* _Your assignment_
Out of the material that follows, write out exactly the lines from the line with "[OSEN=라킨타(미 캘리포니아주), 이사부" to the line with "Sz M Photo 6", both ends included, and no others.

* _Source material_
-------------------------
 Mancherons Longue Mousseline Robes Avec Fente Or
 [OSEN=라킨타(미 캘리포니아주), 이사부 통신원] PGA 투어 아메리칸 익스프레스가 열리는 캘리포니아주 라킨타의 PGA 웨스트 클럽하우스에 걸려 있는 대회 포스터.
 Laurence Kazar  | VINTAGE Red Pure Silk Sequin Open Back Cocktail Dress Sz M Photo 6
-------------------------
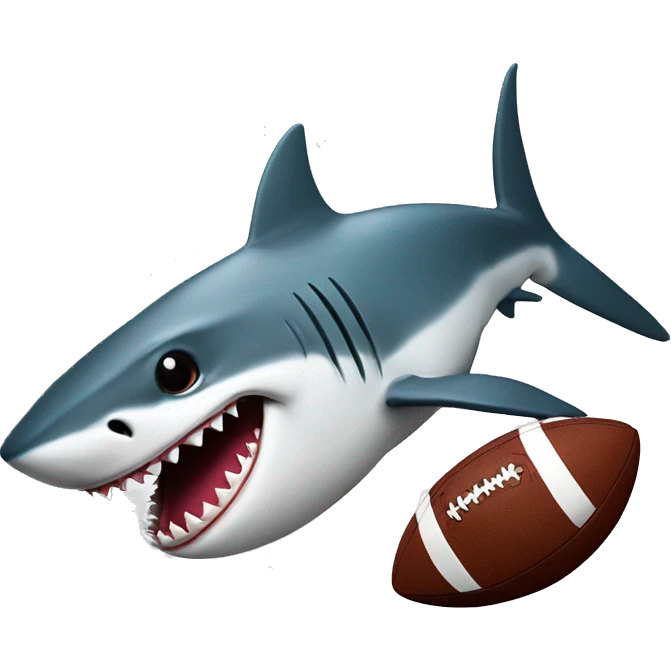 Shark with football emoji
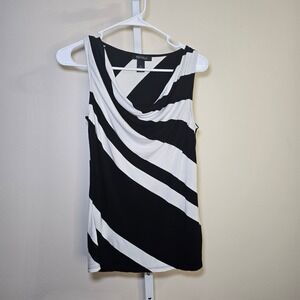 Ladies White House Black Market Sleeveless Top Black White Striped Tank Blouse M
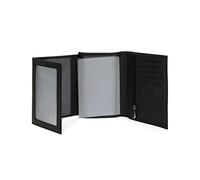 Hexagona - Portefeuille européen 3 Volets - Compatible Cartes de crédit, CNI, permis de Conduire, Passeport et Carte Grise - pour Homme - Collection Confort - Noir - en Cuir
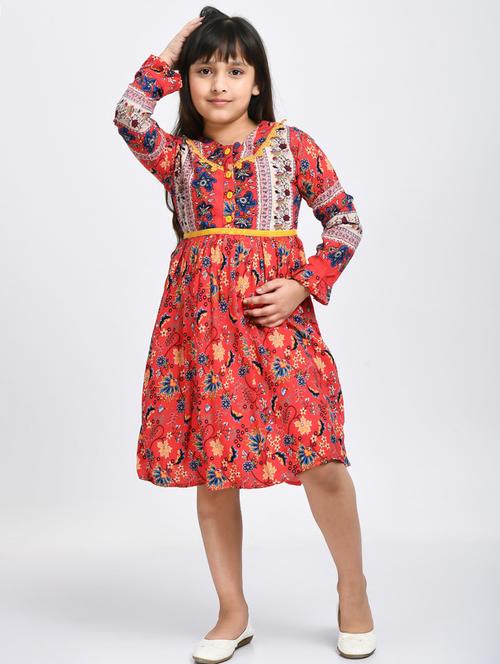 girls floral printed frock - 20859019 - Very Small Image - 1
-------------------------
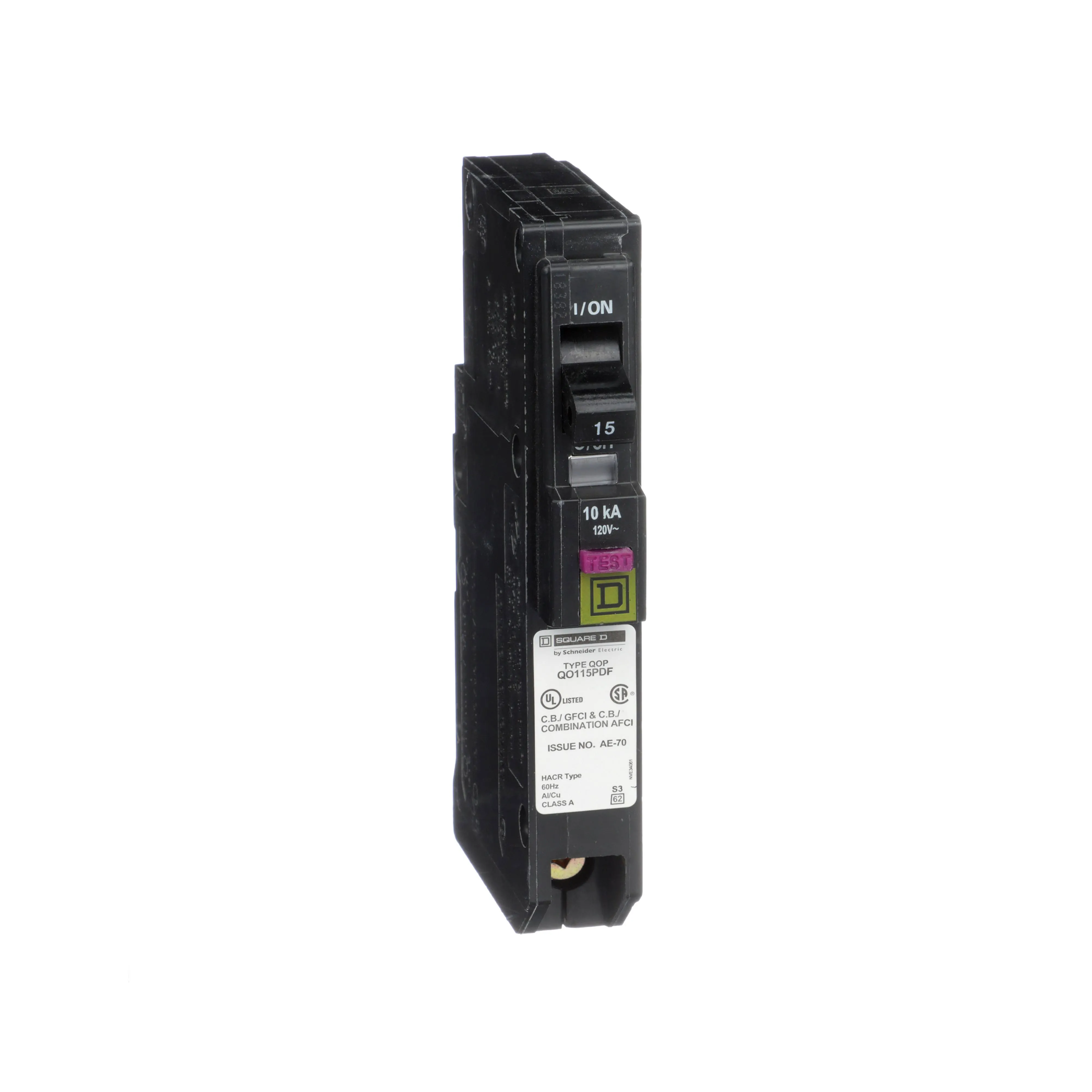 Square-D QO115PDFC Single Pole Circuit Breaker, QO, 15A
-------------------------
* _Finished exercise_
 [OSEN=라킨타(미 캘리포니아주), 이사부 통신원] PGA 투어 아메리칸 익스프레스가 열리는 캘리포니아주 라킨타의 PGA 웨스트 클럽하우스에 걸려 있는 대회 포스터.
 Laurence Kazar  | VINTAGE Red Pure Silk Sequin Open Back Cocktail Dress Sz M Photo 6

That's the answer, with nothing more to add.